# The Wand Company TOS Tricorder.



## mach7 (Mar 25, 2002)

They announced that they will be selling a "Fully functional" Star Trek TOS Tricorder.

It's not a kit, but I thought some here might be interested.

You can sign up here for pre-registration:






Star Trek Tricorder registration form | The Wand Company







www.thewandcompany.com





It looks like the price will be $250. A bit high, but they do say it will have "Functionality".
3D scanned from one of the "hero" tricorders used on the show. I would guess Greg Jien's.




__ https://www.facebook.com/video.php?v=678201656371586



It will go nice with my Wand Comm and Phaser.

Of course it is announced a week after I finally finish my tric build!


----------



## alpink (Aug 22, 2010)

hmmm, what can "functional" mean?
images appear on the screen?
lights flash on and off?
it vibrates and hums?
perspiring minds want to know!


----------



## Captain Han Solo (Apr 5, 2002)

Already did! Although I have the Master Replicas Tricorder, for $250.00 this one is a steal! I have their Phaser and Communicator. Also the first season Phaser 1 (and rock) Beautiful stuff. Now they finish up the landing party set. Now is the time to pre order this. Before it gets stupid on Ebay.

I couldn't care less what it "does". It's super accurate to the prop and again for $250, it's a bargain.


----------



## mach7 (Mar 25, 2002)

You beat me! I'm TC-37892!

The pre orders seem to be popular. Of course there is no money down or actual commitment.
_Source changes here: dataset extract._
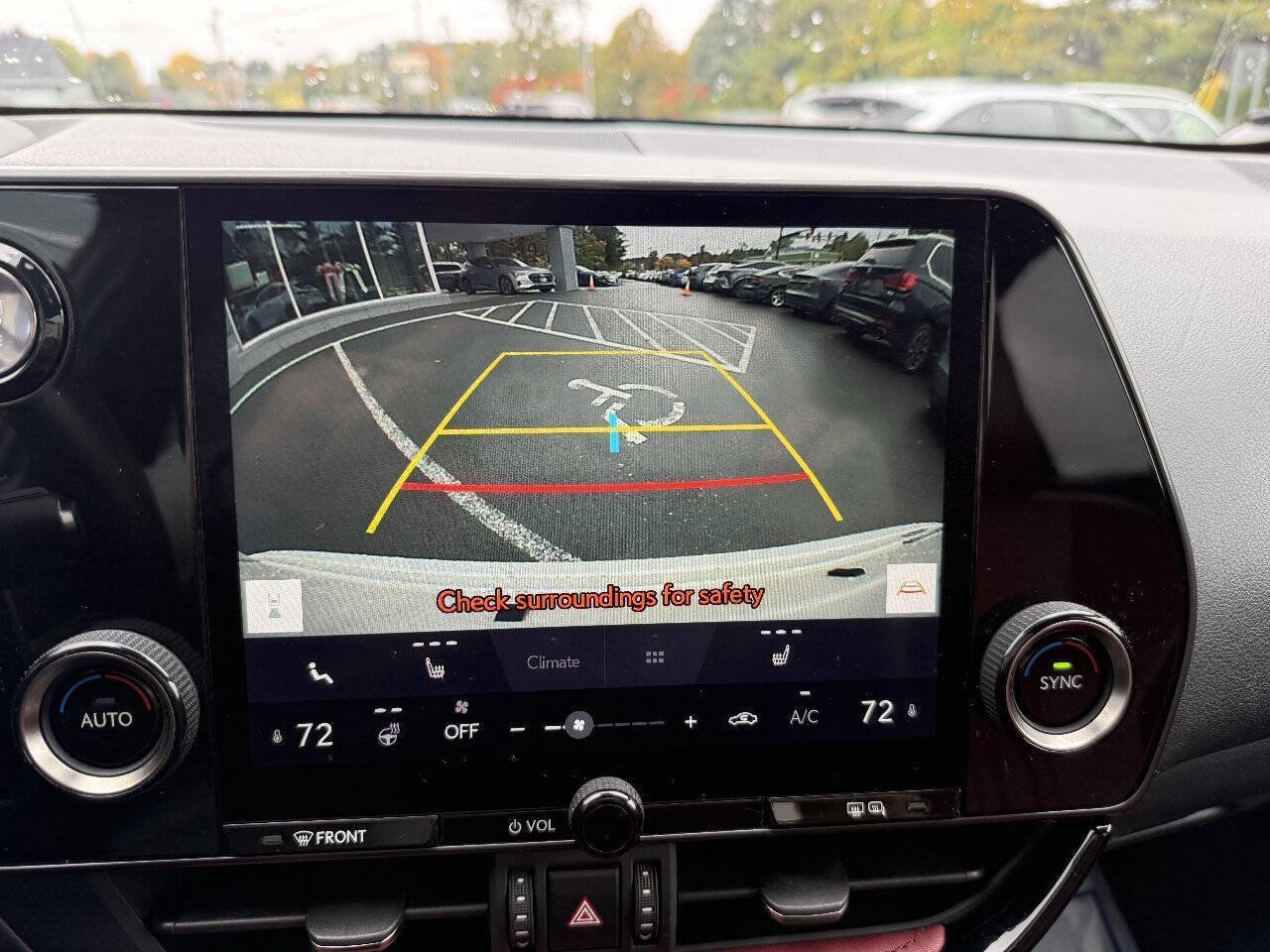 Used 2022 Lexus NX 350 AWD w/ Cold Area Package image 21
The web site says it will 

"Our Tricorder is designed to work just like the fantasy version imagineered by _The Original Series_ script writers in the 1960s, with more than a little help from some 21st century technology. A full-colour LCD displays information stored in the Tricorder along with dynamic data gathered by its sensors and audio recording function. More details of the functionality will be revealed later this year – register your interest on the form above to be kept updated."

And:

Measure the environment, scan radio frequencies, record audio, impress all your friends, enjoy seeing your dearest Star Trek wish come true and love the fact that you own perhaps the most sophisticated prop replica ever designed and manufactured.

I'm guessing it will play radio, connect to wi-fi and blu-tooth devices, take ambient temp, possibly take body temp,
record sound and video, playback sound/video files, act as a digital assistant. Oh and look really cool while making very nice noises!


----------



## Steve H (Feb 8, 2009)

I do wonder what 'fully functional' means. I doubt it will scan for various minerals and radiation emissions. 
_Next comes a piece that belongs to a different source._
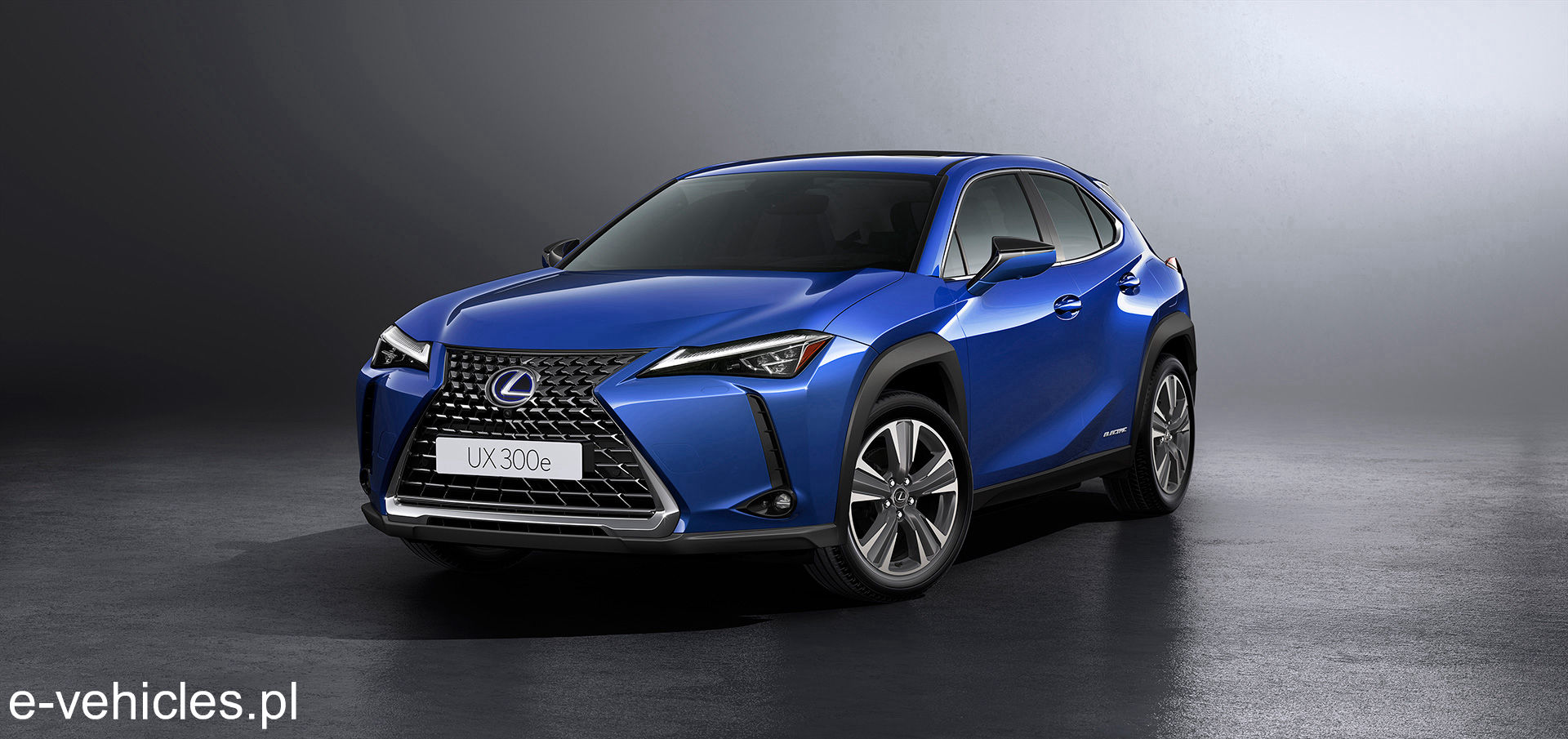 Lexus UX 300e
Mind, that would be a wicked TV remote...

I voted that it was too much simply because of my money situation. The price seems not out of line for what it claims. 

Thanks for posting about this BTW. The death of Thinkgeek has limited my learning of this sort of thing. 

Yeah I would buy it if I could. I'm Trekgeek enough.


----------



## FlyingBrickyard (Dec 21, 2011)

My inclination was to respond "Hell yes!" to the poll, but due to the current unpleasantness and loss of employment that has resulted, I put myself down for "Maybe". It's not so much the price of it that determined that response as it is the timing. $250 seems reasonable for what it is, especially considering their TOS communicator.

Hopefully I'll be back to building airplanes by the time it comes out. Excited to see this either way.


----------



## mach7 (Mar 25, 2002)

FlyingBrickyard, I understand completely. 
I work for an airline, If things don't improve soon it could get interesting. Not in a good way.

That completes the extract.